# Off Center Chuck Info



## BradB (Jun 9, 2010)

Does anyone have the dimensions for this? My father-in-law is going to make one for me. Just need some idea of dimensions


----------



## duncsuss (Aug 21, 2009)

I'm guessing the larger threaded holes are 1" x 8tpi (since they screw onto the drive shaft of a lathe).

You might be able to estimate the sizes based on that.

If your father-in-law needs the practice, I'd be glad to take a prototype off his hands :laughing:


----------



## robert421960 (Dec 9, 2010)

i was under the impression with the way i was looking at it that the faceplate screwed onto those different holes making it off centered


----------



## robert421960 (Dec 9, 2010)

bad thing is he wasn't asking us how it worked but the dimensions lol
sorry i cant help you


----------



## john lucas (Sep 18, 2007)

I don't know the dimensions. I build one myself. I'm trying to learn machining skills and that looked like a worthwhile project. I don't have it in front of me but I think it's about 2 1/4 to 2 1/2" across. It's not a critical thing. Your going to screw a piece of scrap wood to it and then I use double stick tape to fasten my workpiece to the scrap.
I had to make a bushing that acts as a spacer because the hex head bolts I used to fasten the index wheel on stick out to far and hit the chuck I use to hold the threaded rod that goes into the rear of the piece. Not sure what other people do that was just my solution. MY bushing was 3/8" ID and about 5/8" OD. It's about 1/2 long.


----------



## BradB (Jun 9, 2010)

john lucas said:


> I don't know the dimensions. I build one myself. I'm trying to learn machining skills and that looked like a worthwhile project. I don't have it in front of me but I think it's about 2 1/4 to 2 1/2" across. It's not a critical thing.

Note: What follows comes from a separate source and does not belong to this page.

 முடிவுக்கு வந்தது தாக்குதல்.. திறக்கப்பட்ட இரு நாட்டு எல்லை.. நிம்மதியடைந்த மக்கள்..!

I was thinking of 2.5 - 3 inches. I plan on having Dad make a morse taper with a screw end to screw the chuck onto. Kind of like a bottle stopper jig I believe. I will draw out something in Sketchup and see what works for dims.


----------



## RusDemka (Jun 9, 2012)

Hmmm, people keep unintentionaly giving me projects :laughing:


----------



## rrbrown (Feb 15, 2009)

RusDemka said:


> Hmmm, people keep unintentionaly giving me projects :laughing:


Well unintentional might not be correct. Your projects lead to giveaways and raffles.:thumbsup::laughing:


----------



## RusDemka (Jun 9, 2012)

rrbrown said:


> Well unintentional might not be correct. Your projects lead to giveaways and raffles.:thumbsup::laughing:


:laughing:


----------



## NCPaladin (Aug 7, 2010)

BradB said:


> I plan on having Dad make a morse taper with a screw end to screw the chuck onto.QUOTE]
> 
> I’m certainly not a machinist but I would try to use an adapter or face plate to mount the chuck to (as in welded or other permanently attached). You can use a draw bar with a Morse taper but I would not want to take the chance of buggering up a spindle inside. Lots of forces in an off center work working against that taper.


----------



## rrbrown (Feb 15, 2009)

I would like to see someone one turn of center. I just don't get it fully but I'm still new to turning.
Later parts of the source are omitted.